The Public Regulation Commission voted unanimously on Wednesday to open an official inquiry into why a cooling tower collapsed on June 30 at the coal-fired San Juan Generating Station.
Public Service Company of New Mexico executives told commissioners at the PRC’s weekly public meeting Wednesday that the plant’s insurance provider and independent engineers and contractors are actively investigating the root cause of the collapse, but the reasons it fell remain a mystery for now.
Investigators are carefully examining debris from the tower to help determine what caused the incident, PNM Senior Vice President for Public Policy Ron Darnell told commissioners. But in the meantime, PNM plans to install a temporary cooling tower rented from third-party providers to re-start the unit 1 generator that was connected to the tower.
“We’re preparing for a rented (cooling) unit to be installed later this month,” Darnell told commissioners. “Rental towers are available and we believe we’ll be back online within the next few weeks.”
The tower collapse did force PNM to purchase some electricity on the wholesale power market, and it may need to buy more while unit 1 remains offline, Darnell said. But the plant’s unit 4 generator – the only other operating unit at San Juan after the company permanently shut down units 2 and 3 in 2017 – is back online, following a brief scheduled pause for maintenance that coincided with the accident at unit 1.
Given that unit 4 was already offline when the June 30 incident occurred, the company conducted a separate investigation on that unit to ensure its integrity before bringing it back into operation, Darnell said. And between wholesale power purchases and unit 4 now back online, PNM is able to meet all customer electricity demand, despite the heat wave impacting western states.
“Customers have not been impacted one iota,” Darnell said.

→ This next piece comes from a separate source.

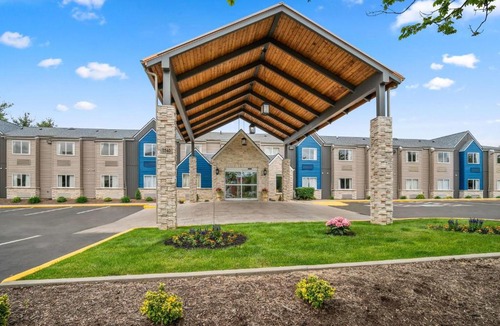 Lexington Hotel | Microtel Inn by Wyndham Lexington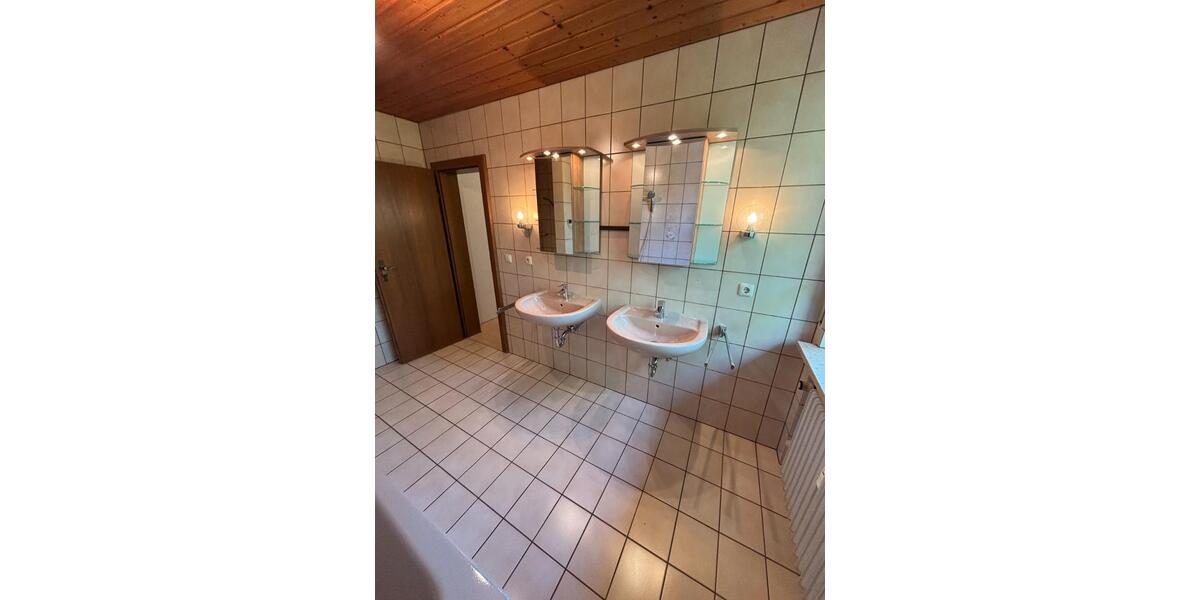 Etagenwohnung Neuötting - 3 Zimmer, 83 m&sup2;, 913&euro; | Angebot:26475315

Until now, PNM had avoided any detailed public discussion about the June 30 accident. That generated criticism from commissioners.
“I learned about it in the news nine days after the collapse happened,” Commissioner Cynthia Hall said.
Commissioner Joe Maestas said the PRC received a huge number of calls from citizens concerned about whether there would be enough available electricity in the midst of a heat wave.
“In the absence of information, imaginations run wild,” Maestas said.
PNM Executive Director for Regulatory Policy Mark Fenton said the company routinely informs commissioners about power outages, but not operational issues that don’t affect grid reliability. In addition, the company was concerned that releasing details about the tower collapse might encourage price gouging by wholesale suppliers.
Nevertheless, to ensure a full public accounting of the tower collapse, commissioners voted 5-0 to open an official PRC docket to gather all results from accident investigations and to analyze potential impacts on consumer bills going forward.